The Declaration is firmly rooted in Heritage’s Project 2025, which probably tells us all we need to know. Both documents are products of Christian nationalism. Both explicitly frame education as a process of eliciting a student’s “God-given potential,” and inculcating (their version of) virtue, moral formation, and the “Judeo-Christian tradition.” The Declaration says its educational mission is “helping children achieve their full, God-given potential,” by educating them in “truth and goodness,” civic virtue, character formation, and a love of country– echoing the Christian-nationalist belief that America is a “Christian nation,” and that public life should reflect that Christian “heritage.”

The Declaration appears to be part of Project 2025’s effort to institutionalize its worldview through a takeover of public education.  That certainly is the view of the Freedom from Religion Foundation, which has noted that several of the declaration’s principles echo those of Project 2025–for example, proposals to expand school vouchers, promote religious instruction with public funds, and curtail diversity and civil rights efforts.

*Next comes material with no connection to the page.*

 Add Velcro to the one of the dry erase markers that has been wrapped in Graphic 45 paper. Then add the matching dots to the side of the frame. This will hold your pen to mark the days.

The declaration includes several statements that appear benign on their face but reveal a deeper ideological agenda when read in context.

On “objective truth” and morality, the document states: “Students should learn that there is objective truth and that it is knowable. Science courses must be grounded in reality, not ideological fads. Students should learn that good and evil exist, and that human beings have the capacity and duty to choose good.”

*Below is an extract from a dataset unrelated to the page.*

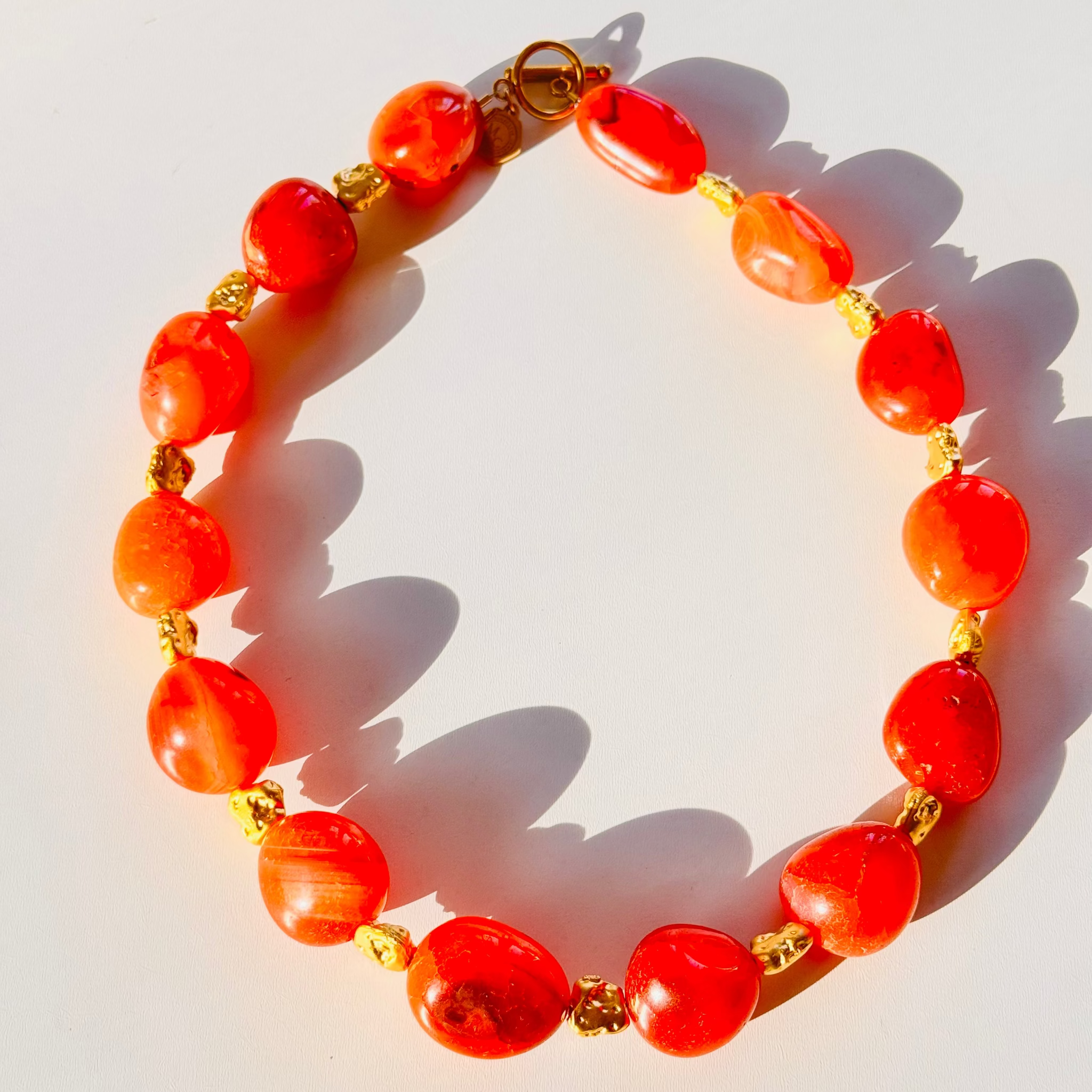 Bracelet with red beads and gold accents on a white background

Language like this has been routinely used by Christian nationalist groups to cast evidence-based teaching about gender, sexuality and modern science as “ideological fads,” while elevating religious beliefs about morality as neutral “truth.”

On cultural transmission, the declaration asserts: “True progress comes only by building on what has been learned and achieved in the past. Students should therefore learn about America’s founding principles and roots in the broader Western and Judeo-Christian traditions.”

This explicitly frames public education through a sectarian lens. The United States is not founded on “Judeo-Christian traditions” as a governing principle, and public schools cannot privilege one religious heritage over the nation’s actual pluralistic history.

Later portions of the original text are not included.